(Beginning of DATASET RECORDS)

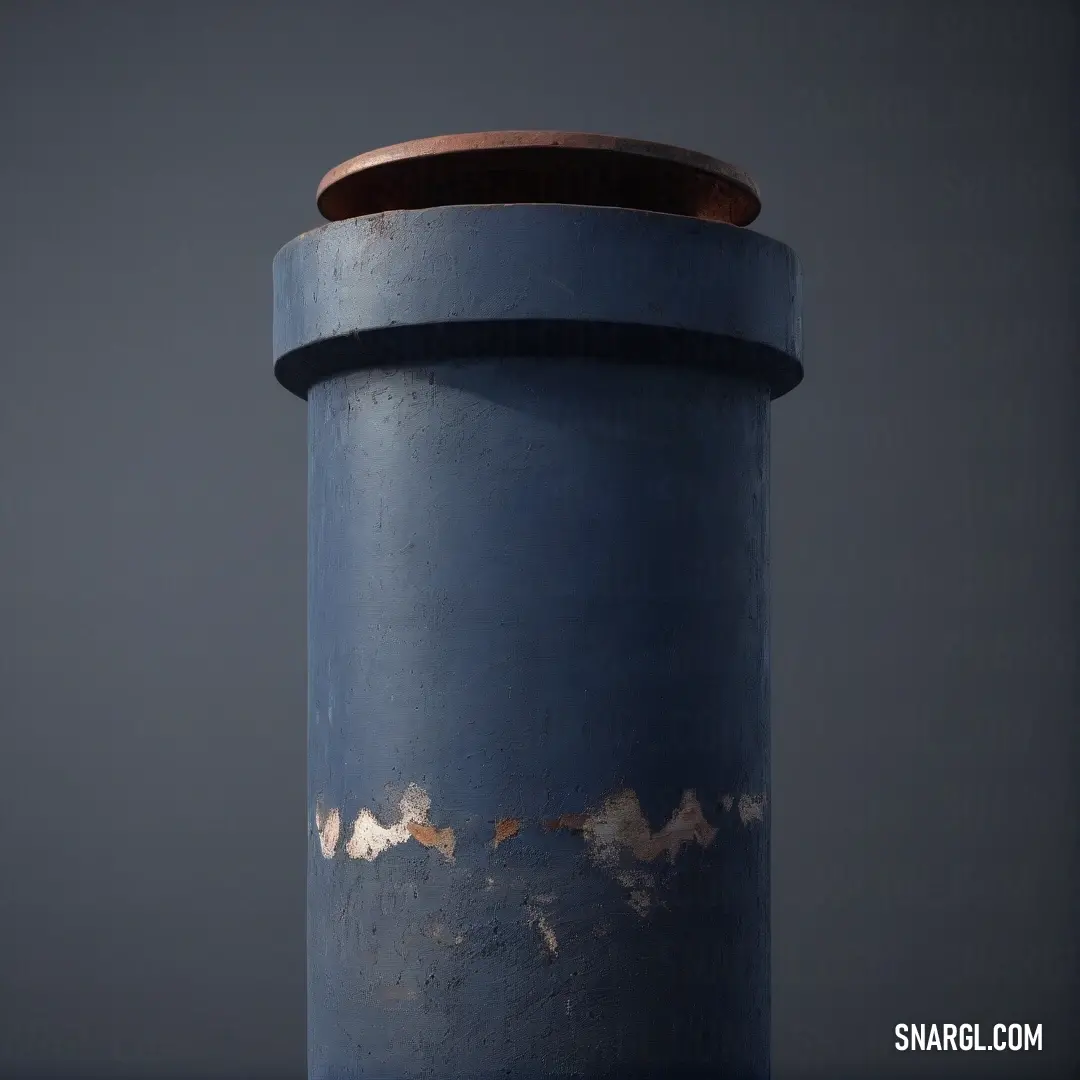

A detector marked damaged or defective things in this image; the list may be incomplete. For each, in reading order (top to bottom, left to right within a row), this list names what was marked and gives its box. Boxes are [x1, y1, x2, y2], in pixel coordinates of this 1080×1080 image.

chipped paint [315, 812, 339, 859]
chipped paint [341, 786, 451, 859]
chipped paint [492, 820, 520, 846]
chipped paint [738, 794, 764, 825]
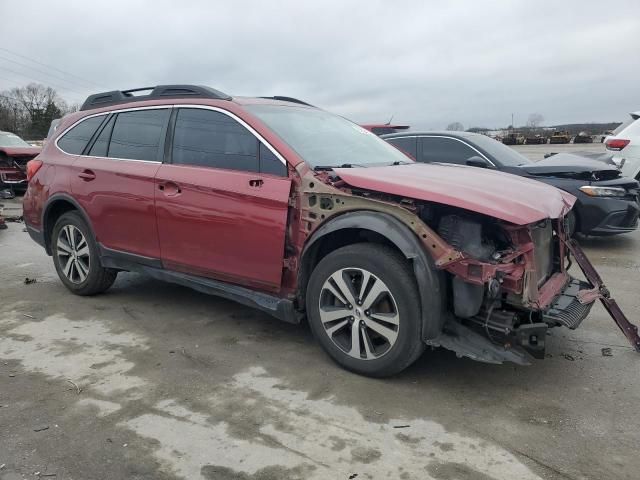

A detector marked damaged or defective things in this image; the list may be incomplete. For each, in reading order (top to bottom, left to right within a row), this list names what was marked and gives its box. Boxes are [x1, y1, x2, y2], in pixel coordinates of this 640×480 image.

crumpled hood [336, 162, 576, 226]
crumpled hood [520, 154, 620, 180]
severe front-end damage [296, 163, 640, 366]
damaged front bumper [424, 238, 640, 366]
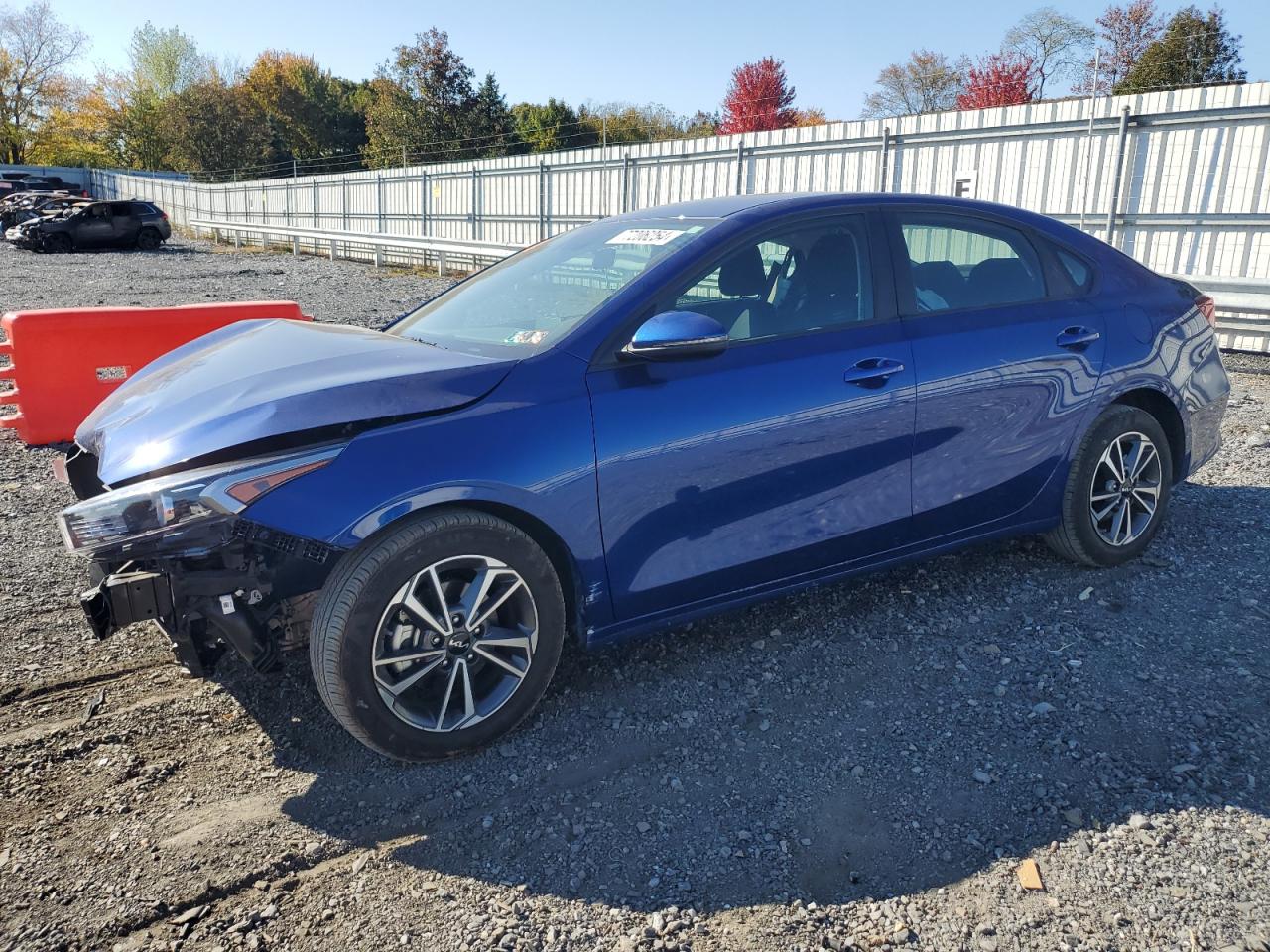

(End of DATASET RECORDS)

**EXERCISE PROMPT:** Copy the whole listing exactly, excluding the pictures in it.

**EXPECTED OUTPUT:**
A detector marked damaged or defective things in this image; the list may be incomplete. For each, in reading order (top to bottom, left to right within a row), this list names what was marked and gives its box. Boxes are [x1, y1, x2, y2], in pixel coordinates of this 1080×1080 image.

chipped paint [315, 812, 339, 859]
chipped paint [341, 786, 451, 859]
chipped paint [492, 820, 520, 846]
chipped paint [738, 794, 764, 825]

A detector marked damaged or defective things in this image; the list may be incomplete. For each, in reading order (top to bottom, left to right within a row), this list names what was marked and gives its box. Boxes are [x1, y1, x2, y2], in pixel coordinates of this 640×480 image.

crumpled hood [336, 162, 576, 226]
crumpled hood [520, 154, 620, 180]
severe front-end damage [296, 163, 640, 366]
damaged front bumper [424, 238, 640, 366]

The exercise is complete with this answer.